**Collected data entries**:
== Segment start ==
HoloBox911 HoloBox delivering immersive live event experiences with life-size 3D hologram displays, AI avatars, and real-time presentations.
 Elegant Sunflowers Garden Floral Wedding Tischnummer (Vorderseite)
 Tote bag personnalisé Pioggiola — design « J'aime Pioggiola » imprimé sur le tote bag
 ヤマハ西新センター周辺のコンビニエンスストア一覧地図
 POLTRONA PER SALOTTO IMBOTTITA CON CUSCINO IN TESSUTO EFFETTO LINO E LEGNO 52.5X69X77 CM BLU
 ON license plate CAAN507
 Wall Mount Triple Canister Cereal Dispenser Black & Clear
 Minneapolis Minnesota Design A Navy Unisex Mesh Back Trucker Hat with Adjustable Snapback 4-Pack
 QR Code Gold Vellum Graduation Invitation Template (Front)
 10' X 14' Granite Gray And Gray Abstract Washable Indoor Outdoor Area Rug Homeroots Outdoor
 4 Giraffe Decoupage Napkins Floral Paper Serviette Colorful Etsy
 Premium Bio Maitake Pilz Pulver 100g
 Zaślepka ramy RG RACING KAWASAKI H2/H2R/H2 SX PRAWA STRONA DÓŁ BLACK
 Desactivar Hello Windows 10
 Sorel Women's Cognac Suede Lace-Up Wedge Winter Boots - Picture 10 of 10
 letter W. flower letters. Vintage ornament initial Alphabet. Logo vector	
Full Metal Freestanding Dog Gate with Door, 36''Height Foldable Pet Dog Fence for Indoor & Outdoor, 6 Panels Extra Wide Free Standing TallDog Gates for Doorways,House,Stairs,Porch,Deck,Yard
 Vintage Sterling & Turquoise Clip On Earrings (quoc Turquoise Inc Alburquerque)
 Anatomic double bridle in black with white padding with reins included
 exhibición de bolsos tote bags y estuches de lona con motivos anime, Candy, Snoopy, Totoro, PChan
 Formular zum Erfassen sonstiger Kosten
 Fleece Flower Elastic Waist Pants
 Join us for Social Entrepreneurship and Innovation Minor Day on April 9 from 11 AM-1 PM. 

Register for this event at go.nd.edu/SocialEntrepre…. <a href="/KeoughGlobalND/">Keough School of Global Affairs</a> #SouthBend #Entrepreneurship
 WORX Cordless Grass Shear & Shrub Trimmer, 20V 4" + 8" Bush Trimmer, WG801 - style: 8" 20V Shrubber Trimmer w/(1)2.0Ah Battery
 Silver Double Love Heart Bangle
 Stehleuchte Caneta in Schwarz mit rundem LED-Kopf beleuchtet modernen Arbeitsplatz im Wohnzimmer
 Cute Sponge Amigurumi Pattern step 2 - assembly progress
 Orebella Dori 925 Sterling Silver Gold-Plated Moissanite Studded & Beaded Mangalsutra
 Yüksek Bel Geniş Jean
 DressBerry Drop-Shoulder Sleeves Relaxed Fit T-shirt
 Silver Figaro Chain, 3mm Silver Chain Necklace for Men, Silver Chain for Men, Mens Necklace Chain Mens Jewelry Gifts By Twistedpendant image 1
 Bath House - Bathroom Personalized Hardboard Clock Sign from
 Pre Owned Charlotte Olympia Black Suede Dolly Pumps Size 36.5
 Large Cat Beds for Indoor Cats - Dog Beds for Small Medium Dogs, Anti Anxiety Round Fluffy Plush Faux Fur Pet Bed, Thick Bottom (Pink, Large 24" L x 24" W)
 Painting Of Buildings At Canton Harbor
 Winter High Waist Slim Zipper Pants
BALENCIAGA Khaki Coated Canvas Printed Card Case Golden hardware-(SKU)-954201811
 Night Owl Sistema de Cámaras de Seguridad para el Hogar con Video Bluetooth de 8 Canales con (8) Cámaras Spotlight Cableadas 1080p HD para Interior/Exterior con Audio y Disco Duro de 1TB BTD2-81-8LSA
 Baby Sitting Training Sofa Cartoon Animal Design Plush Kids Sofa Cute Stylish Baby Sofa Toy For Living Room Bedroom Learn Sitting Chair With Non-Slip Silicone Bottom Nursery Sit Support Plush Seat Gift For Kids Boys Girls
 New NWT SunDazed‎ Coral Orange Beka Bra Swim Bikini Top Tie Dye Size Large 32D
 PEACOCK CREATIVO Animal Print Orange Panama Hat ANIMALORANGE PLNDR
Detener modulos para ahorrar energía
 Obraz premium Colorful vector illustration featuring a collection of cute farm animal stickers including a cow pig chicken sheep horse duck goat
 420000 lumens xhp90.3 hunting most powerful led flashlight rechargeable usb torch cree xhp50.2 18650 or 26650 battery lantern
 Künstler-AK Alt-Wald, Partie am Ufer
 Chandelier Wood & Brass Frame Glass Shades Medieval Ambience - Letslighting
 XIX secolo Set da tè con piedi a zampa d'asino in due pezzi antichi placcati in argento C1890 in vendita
== Segment end ==
**ACTIVITY**:
Please copy out the preceding data in full, exactly as written.

**RESULT BELOW**:
HoloBox911 HoloBox delivering immersive live event experiences with life-size 3D hologram displays, AI avatars, and real-time presentations.
 Elegant Sunflowers Garden Floral Wedding Tischnummer (Vorderseite)
 Tote bag personnalisé Pioggiola — design « J'aime Pioggiola » imprimé sur le tote bag
 ヤマハ西新センター周辺のコンビニエンスストア一覧地図
 POLTRONA PER SALOTTO IMBOTTITA CON CUSCINO IN TESSUTO EFFETTO LINO E LEGNO 52.5X69X77 CM BLU
 ON license plate CAAN507
 Wall Mount Triple Canister Cereal Dispenser Black & Clear
 Minneapolis Minnesota Design A Navy Unisex Mesh Back Trucker Hat with Adjustable Snapback 4-Pack
 QR Code Gold Vellum Graduation Invitation Template (Front)
 10' X 14' Granite Gray And Gray Abstract Washable Indoor Outdoor Area Rug Homeroots Outdoor
 4 Giraffe Decoupage Napkins Floral Paper Serviette Colorful Etsy
 Premium Bio Maitake Pilz Pulver 100g
 Zaślepka ramy RG RACING KAWASAKI H2/H2R/H2 SX PRAWA STRONA DÓŁ BLACK
 Desactivar Hello Windows 10
 Sorel Women's Cognac Suede Lace-Up Wedge Winter Boots - Picture 10 of 10
 letter W. flower letters. Vintage ornament initial Alphabet. Logo vector	
Full Metal Freestanding Dog Gate with Door, 36''Height Foldable Pet Dog Fence for Indoor & Outdoor, 6 Panels Extra Wide Free Standing TallDog Gates for Doorways,House,Stairs,Porch,Deck,Yard
 Vintage Sterling & Turquoise Clip On Earrings (quoc Turquoise Inc Alburquerque)
 Anatomic double bridle in black with white padding with reins included
 exhibición de bolsos tote bags y estuches de lona con motivos anime, Candy, Snoopy, Totoro, PChan
 Formular zum Erfassen sonstiger Kosten
 Fleece Flower Elastic Waist Pants
 Join us for Social Entrepreneurship and Innovation Minor Day on April 9 from 11 AM-1 PM. 

Register for this event at go.nd.edu/SocialEntrepre…. <a href="/KeoughGlobalND/">Keough School of Global Affairs</a> #SouthBend #Entrepreneurship
 WORX Cordless Grass Shear & Shrub Trimmer, 20V 4" + 8" Bush Trimmer, WG801 - style: 8" 20V Shrubber Trimmer w/(1)2.0Ah Battery
 Silver Double Love Heart Bangle
 Stehleuchte Caneta in Schwarz mit rundem LED-Kopf beleuchtet modernen Arbeitsplatz im Wohnzimmer
 Cute Sponge Amigurumi Pattern step 2 - assembly progress
 Orebella Dori 925 Sterling Silver Gold-Plated Moissanite Studded & Beaded Mangalsutra
 Yüksek Bel Geniş Jean
 DressBerry Drop-Shoulder Sleeves Relaxed Fit T-shirt
 Silver Figaro Chain, 3mm Silver Chain Necklace for Men, Silver Chain for Men, Mens Necklace Chain Mens Jewelry Gifts By Twistedpendant image 1
 Bath House - Bathroom Personalized Hardboard Clock Sign from
 Pre Owned Charlotte Olympia Black Suede Dolly Pumps Size 36.5
 Large Cat Beds for Indoor Cats - Dog Beds for Small Medium Dogs, Anti Anxiety Round Fluffy Plush Faux Fur Pet Bed, Thick Bottom (Pink, Large 24" L x 24" W)
 Painting Of Buildings At Canton Harbor
 Winter High Waist Slim Zipper Pants
BALENCIAGA Khaki Coated Canvas Printed Card Case Golden hardware-(SKU)-954201811
 Night Owl Sistema de Cámaras de Seguridad para el Hogar con Video Bluetooth de 8 Canales con (8) Cámaras Spotlight Cableadas 1080p HD para Interior/Exterior con Audio y Disco Duro de 1TB BTD2-81-8LSA
 Baby Sitting Training Sofa Cartoon Animal Design Plush Kids Sofa Cute Stylish Baby Sofa Toy For Living Room Bedroom Learn Sitting Chair With Non-Slip Silicone Bottom Nursery Sit Support Plush Seat Gift For Kids Boys Girls
 New NWT SunDazed‎ Coral Orange Beka Bra Swim Bikini Top Tie Dye Size Large 32D
 PEACOCK CREATIVO Animal Print Orange Panama Hat ANIMALORANGE PLNDR
Detener modulos para ahorrar energía
 Obraz premium Colorful vector illustration featuring a collection of cute farm animal stickers including a cow pig chicken sheep horse duck goat
 420000 lumens xhp90.3 hunting most powerful led flashlight rechargeable usb torch cree xhp50.2 18650 or 26650 battery lantern
 Künstler-AK Alt-Wald, Partie am Ufer
 Chandelier Wood & Brass Frame Glass Shades Medieval Ambience - Letslighting
 XIX secolo Set da tè con piedi a zampa d'asino in due pezzi antichi placcati in argento C1890 in vendita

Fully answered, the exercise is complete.